⟨
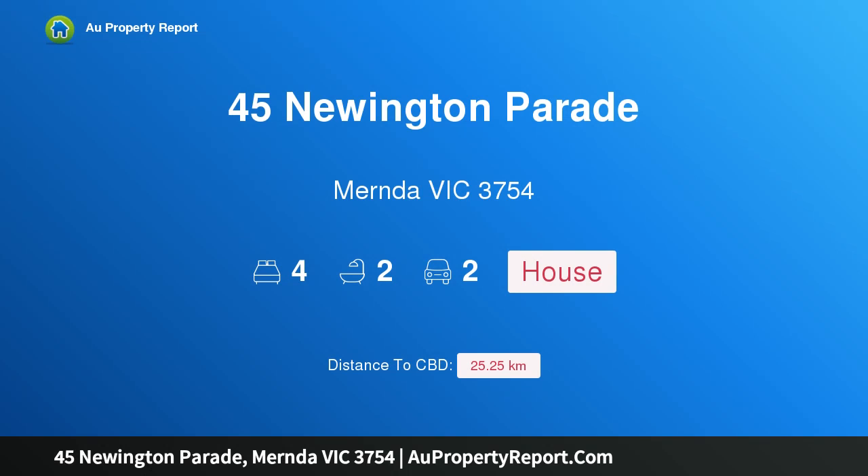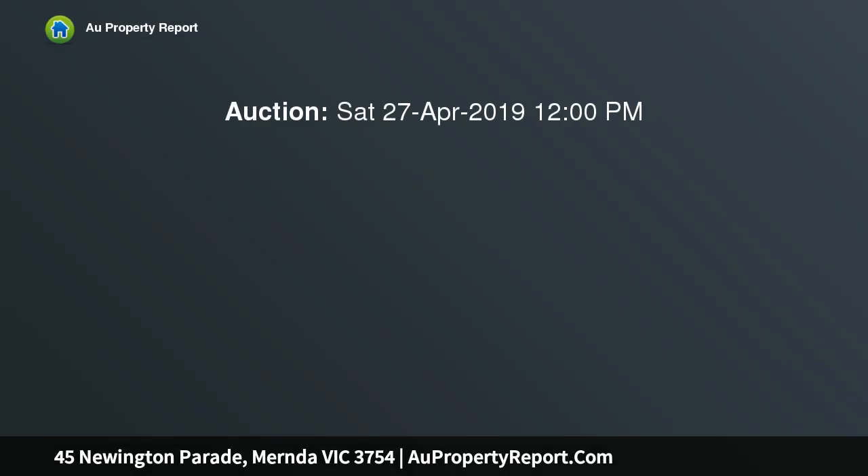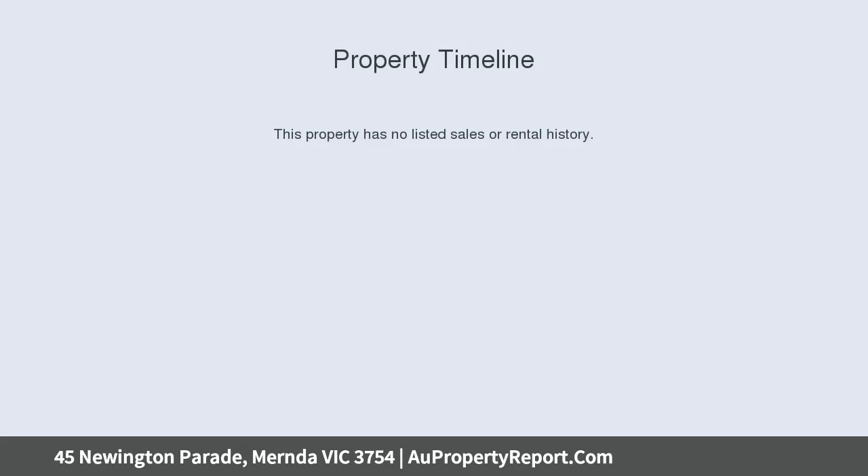Hi, I am glad to introduce Property 45 Noonton Parade, Mernda Victoria 3754. Fabulous and affordable brand new, turnkey living, priced to sell.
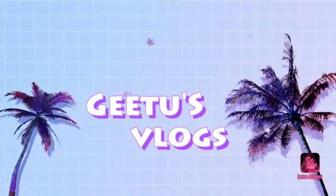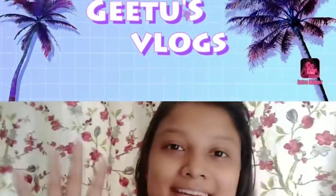Hey guys, welcome back to my channel, Gittos Vlog. I'm going to show you my channel.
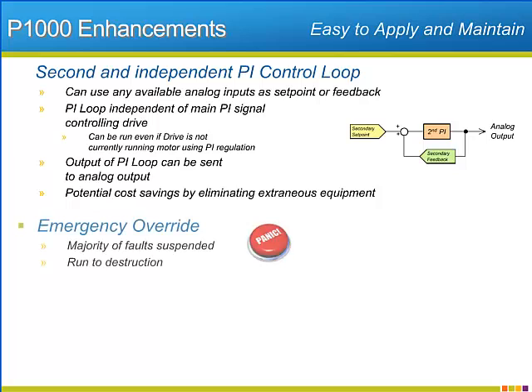The P1000 will also offer an emergency override function. Once engaged, the override will run the drive to destruction by suspending most of the fault functions that normally protect the drive, motor, and application. The emergency override function comes in handy when extenuating circumstances make fan or pump operation superior to equipment protection.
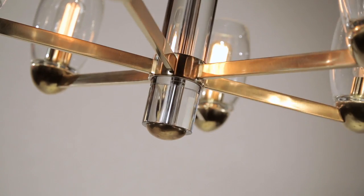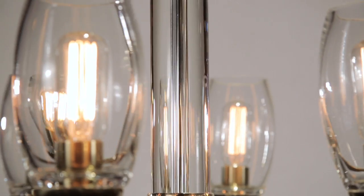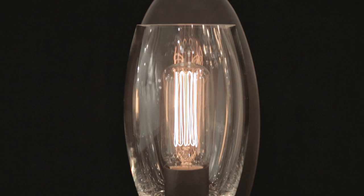The resulting glow highlights Pamelia's gleaming crystal and cast metal accents. Offered in aged brass or polished nickel finishes, Pamelia is available in pendant and sconce configurations.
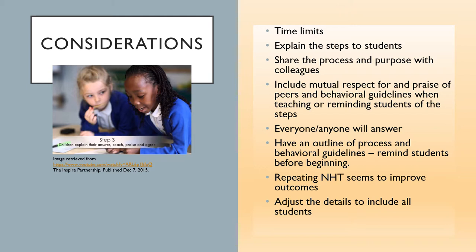Remember, let students know that the numbered responder for their group will be randomly chosen — everyone on the team needs to know the answer. This helps mediate between high and low responders, giving everyone a chance and a responsibility to speak for their team. Repeating NHT, integrating formative assessment, may also improve outcomes with each cycle, so use it periodically, if not often.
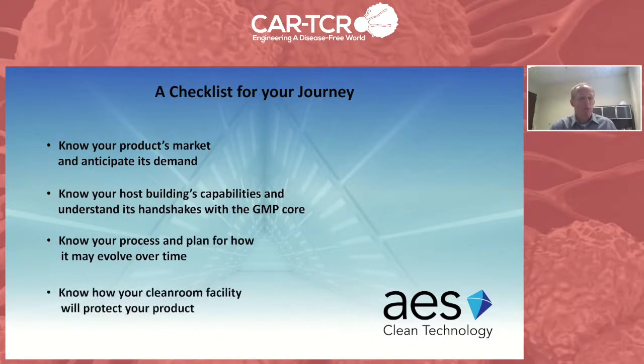If I were to summarize this talk into a checklist for keeping yourself out of trouble when developing a cleanroom facility, I'd boil it down to four critical steps. Number one: know your product's market and anticipate its demand to the best of your ability—this will ensure the cleanroom is right-sized and capable of addressing future growth. Number two: choose your host building wisely. Even if you're developing a brand-new purpose-built facility, know the host building's capabilities and understand its handshakes with the cleanroom facility. Number three: know your process and plan for how it can evolve over time, including breakthrough technology and automation. And number four: know how your cleanroom facility will consistently protect your product over its lifetime so that the patient outcome can be optimized. That's our noble goal as we serve the patient with these treatments.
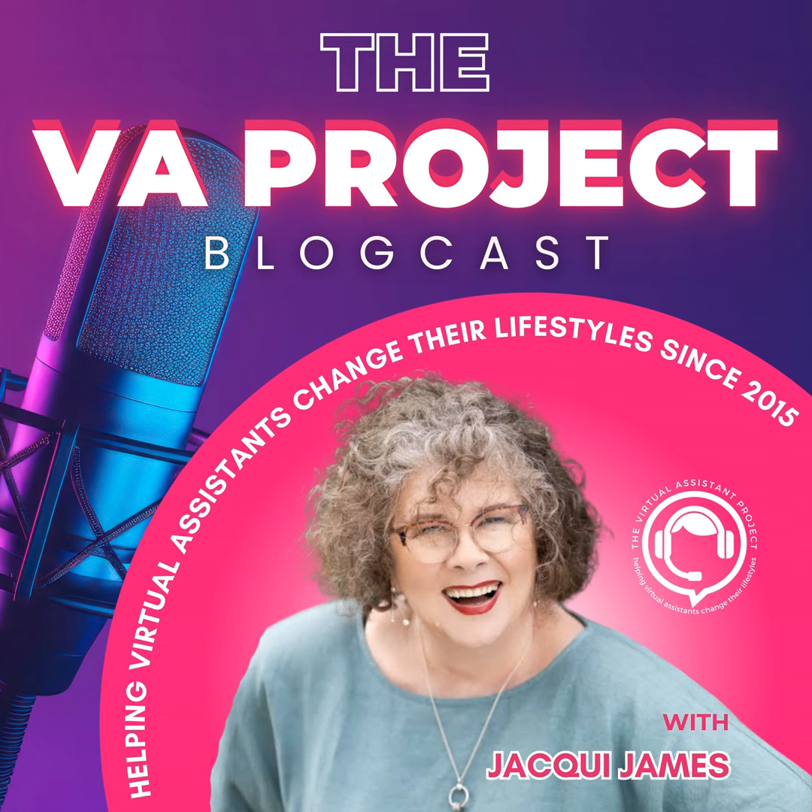Hi, my name's Jackie James. I'm the founder of the VA Project, an online coaching and mentoring program that has been helping virtual assistants to change their lifestyles since 2015.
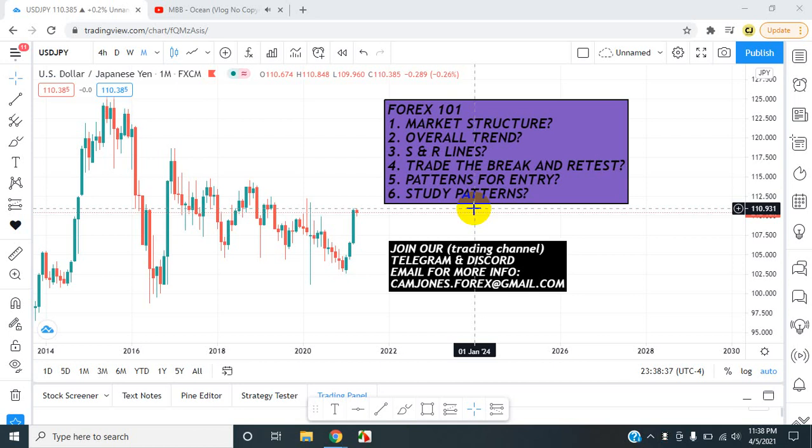We are here on this amazing day. Okay everyone, this is KM Jones, FX Daily Analysis.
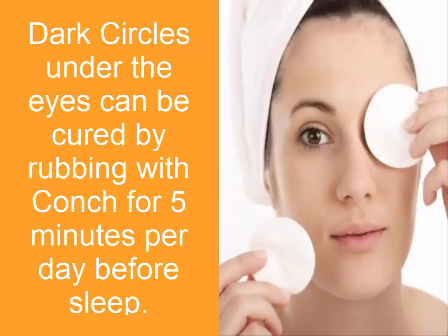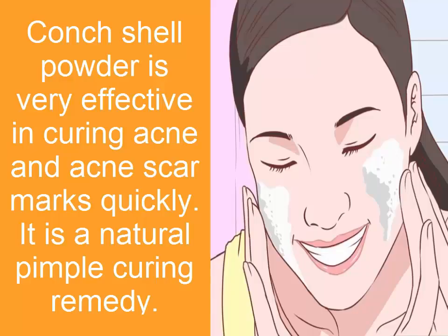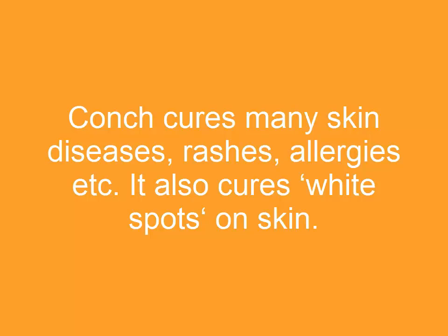eyes can be cured by rubbing with conch for five minutes per day before sleep. Conch shell powder is very effective in curing acne and acne scar marks quickly. It is a natural pimple-curing remedy. Conch cures many skin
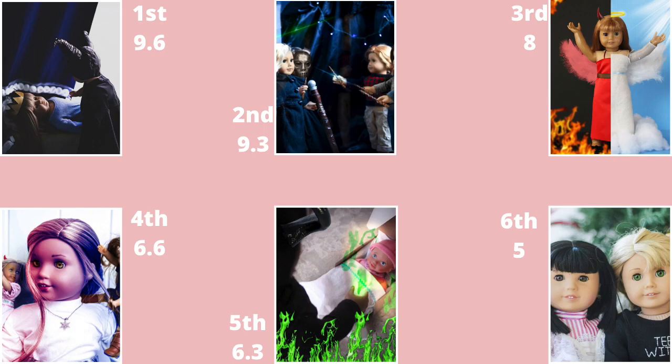Now we're going to get into the rankings. First place with a 9.6 is Project AG Runway, then we have All Dolled Up with a 9.3, AG Spirit Studios with an 8, AG Studios 380 with a 6.6, Dreamful Dollies with a 6.3, and Glass-Handed Dolls with a 5.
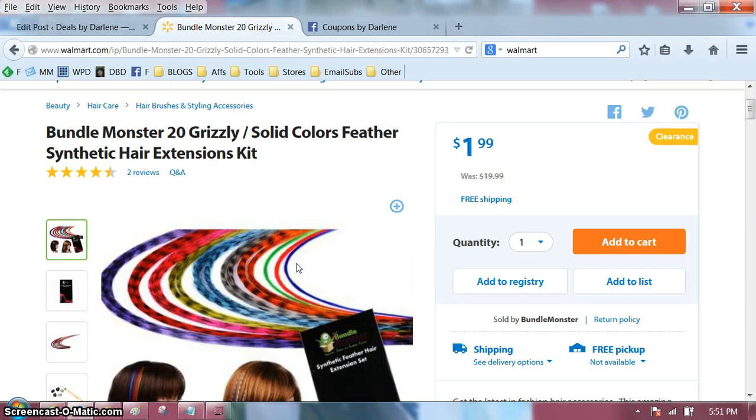Hi everyone, it's Darlene. I'm here with another Minute Madness video where I show you an awesome deal in under a minute. I'm going to show you something that I really don't know anything about, but I know a good price when I see it.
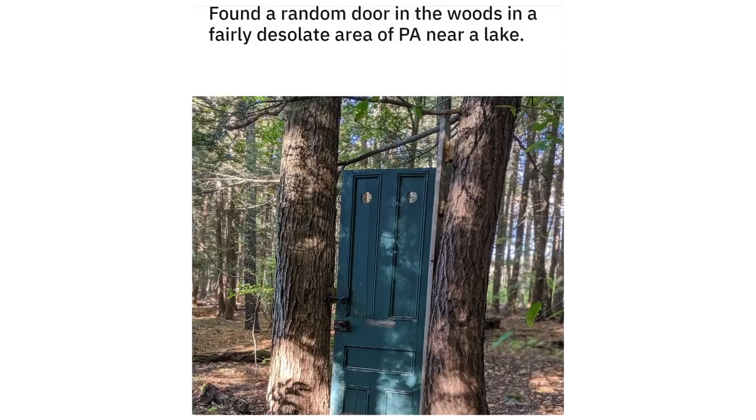Found a random door in the woods in a fairly desolate area of PA near a lake. The door also faces almost perfectly east/west.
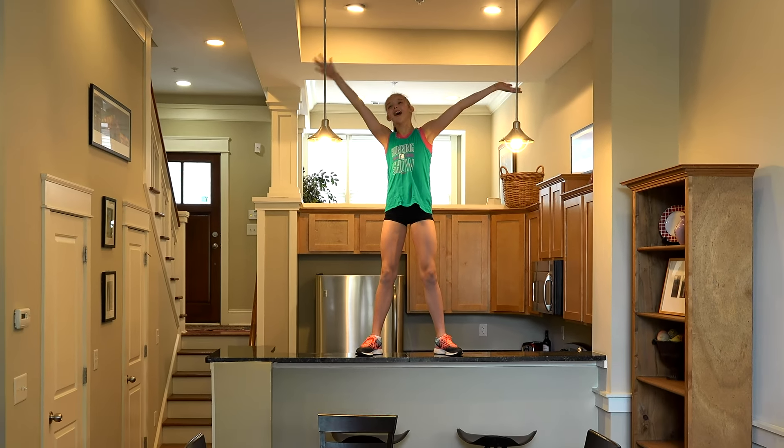Welcome to our condo! Hey guys, it's Whitney and today I'm going to be showing you guys our new condo.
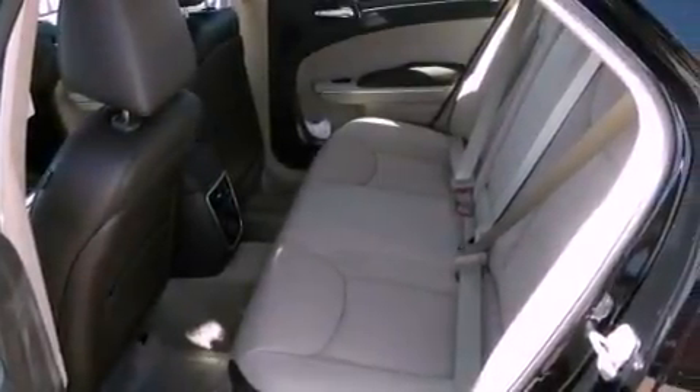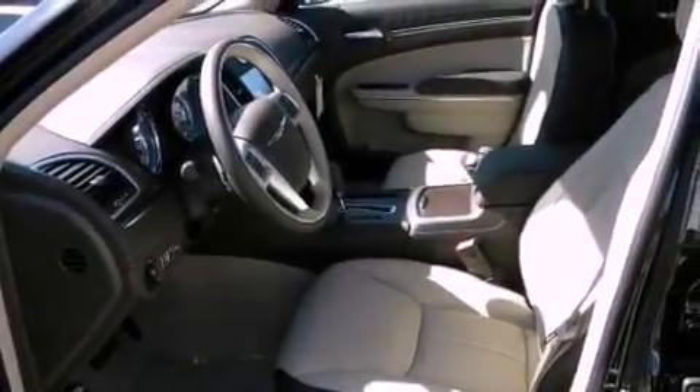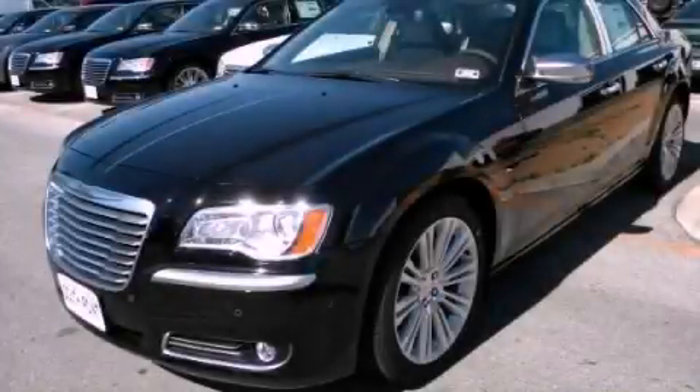Power-adjustable gas and brake pedals enable you to change their height and distance to fit your body, rather than you fitting to their positions. This automobile won't last long at this price — call and arrange a test drive now.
⟩
> _Your goal_
Apart from the pictures, the whole listing should be reproduced exactly.

> _Answer space_
Hi, I am glad to introduce Property 45 Noonton Parade, Mernda Victoria 3754. Fabulous and affordable brand new, turnkey living, priced to sell.
Hey guys, welcome back to my channel, Gittos Vlog. I'm going to show you my channel.
The P1000 will also offer an emergency override function. Once engaged, the override will run the drive to destruction by suspending most of the fault functions that normally protect the drive, motor, and application. The emergency override function comes in handy when extenuating circumstances make fan or pump operation superior to equipment protection.
The resulting glow highlights Pamelia's gleaming crystal and cast metal accents. Offered in aged brass or polished nickel finishes, Pamelia is available in pendant and sconce configurations.
Remember, let students know that the numbered responder for their group will be randomly chosen — everyone on the team needs to know the answer. This helps mediate between high and low responders, giving everyone a chance and a responsibility to speak for their team. Repeating NHT, integrating formative assessment, may also improve outcomes with each cycle, so use it periodically, if not often.
If I were to summarize this talk into a checklist for keeping yourself out of trouble when developing a cleanroom facility, I'd boil it down to four critical steps. Number one: know your product's market and anticipate its demand to the best of your ability—this will ensure the cleanroom is right-sized and capable of addressing future growth. Number two: choose your host building wisely. Even if you're developing a brand-new purpose-built facility, know the host building's capabilities and understand its handshakes with the cleanroom facility. Number three: know your process and plan for how it can evolve over time, including breakthrough technology and automation. And number four: know how your cleanroom facility will consistently protect your product over its lifetime so that the patient outcome can be optimized. That's our noble goal as we serve the patient with these treatments.
Hi, my name's Jackie James. I'm the founder of the VA Project, an online coaching and mentoring program that has been helping virtual assistants to change their lifestyles since 2015.
We are here on this amazing day. Okay everyone, this is KM Jones, FX Daily Analysis.
eyes can be cured by rubbing with conch for five minutes per day before sleep. Conch shell powder is very effective in curing acne and acne scar marks quickly. It is a natural pimple-curing remedy. Conch cures many skin
Now we're going to get into the rankings. First place with a 9.6 is Project AG Runway, then we have All Dolled Up with a 9.3, AG Spirit Studios with an 8, AG Studios 380 with a 6.6, Dreamful Dollies with a 6.3, and Glass-Handed Dolls with a 5.
Hi everyone, it's Darlene. I'm here with another Minute Madness video where I show you an awesome deal in under a minute. I'm going to show you something that I really don't know anything about, but I know a good price when I see it.
Found a random door in the woods in a fairly desolate area of PA near a lake. The door also faces almost perfectly east/west.
Welcome to our condo! Hey guys, it's Whitney and today I'm going to be showing you guys our new condo.
Power-adjustable gas and brake pedals enable you to change their height and distance to fit your body, rather than you fitting to their positions. This automobile won't last long at this price — call and arrange a test drive now.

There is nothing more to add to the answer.